CI: From my perspective, the most interesting chapter is the one called ‘Myths of Disunity’. You focus quite a lot on culture in Canada, and you note that culture has political implications because it is ‘an expression of identity’. A lot of the discussion in that chapter centres around the work of Northrop Frye. You observe that “the question of ‘Canadian identity’ or ‘Canadian culture’ is not, properly speaking, a Canadian question at all, but a local, and at most a regional, one.” There is also in that chapter a fairly clear resistance to what you call the Laurentian perspective. Reading that, I am just curious, who precisely did you have in mind as an audience for that chapter? The reason why I ask the question is that I am thirty years old, and as I grew up we had the failure of Meech Lake and Charlottetown, the 1995 Quebec Referendum, and the rise of the Reform Party. I came of age sort of taking for granted that this is a country of regions, and the regional identities are part of a larger political construct called Canada. Is your argument targeted to Laurentian Canadians of a certain vintage, or do you think that the Laurentian perspective [which privileges Quebec and Ontario as the true centre of the country] persists in that part of the country?

BC: That is also a very good question. The origin of the argument comes from when I was teaching at York a long time ago, a generation ago. The students I had then, I didn’t understand the way they looked at things. I started teaching a course, and Don Forbes was teaching a similar course at U of T, and we would talk – he’s a good friend of mine, and back then we talked a lot, and now I see him about once a year at political science meetings – but we talked about Canadian political thought. I read all the stuff that historians did on regionalism. Then, in Canadian literature, the differences between the symbolic meaning presented through various fiction, and what was the origin of that?

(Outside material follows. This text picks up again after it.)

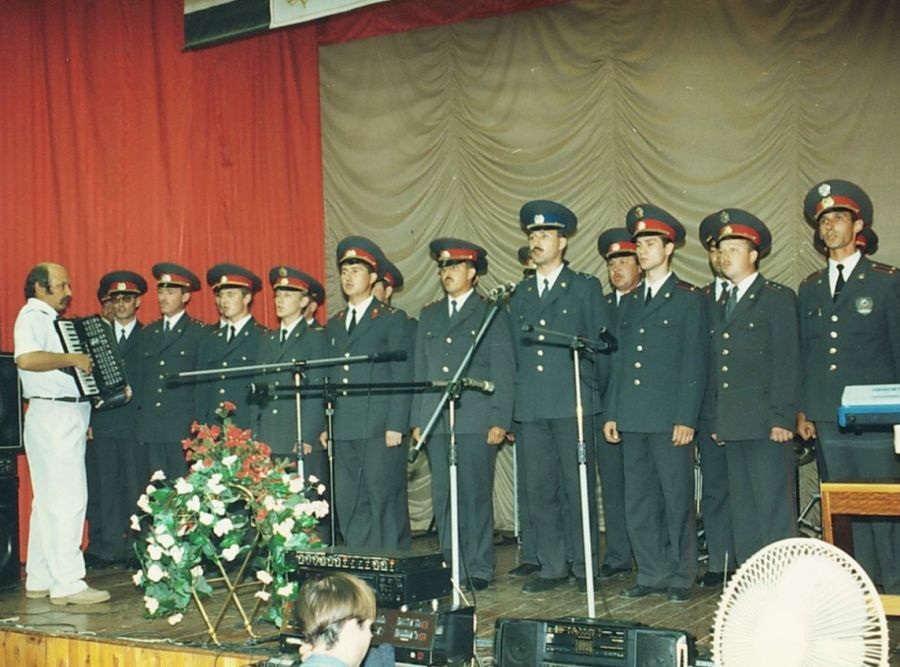 Альметьевские полицейские рассказывают, как в 90-е выступали в популярной передаче «Играй, гармонь»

Well, the origin of all these things is in historical experience that gets transmitted through fiction and through myth, you know, what your granny tells you when you were a little kid. And we just got told different stories. My students were told different stories than I was.

Now, I’m not sure that that much has changed. You may be right, and there is a greater tolerance for western myths in Laurentian Canada. But in everything from public opinion polls to the difference between the latest musings of Margaret Atwood and Aritha van Herk, both women about the same age – well, Atwood is a bit older – but what they write about, and the assumptions they make about humans and how they get along with their lives, I think are quite different. Then that gets transmitted through everything, like in journalism. If you read Jeff Simpson, that guy has not spent enough time in Calgary, and when he comes here, he talks to the same people, who are the people that agree with him. He hasn’t talked to people up here [in the Department of Political Science] for ten or fifteen years. He used to come here and come to the university, and we would sit around and talk and give a seminar and tell him how wrongheaded he was! I don’t think he does that now. Maybe he talks to [University of Calgary professor Tom] Flanagan, I don’t know, but he hasn’t had this kind of exposure to an alternative way of looking at things. I think this is expressed in his columns in the same way as Margaret Atwood’s basic themes of literature are expressed in her novels.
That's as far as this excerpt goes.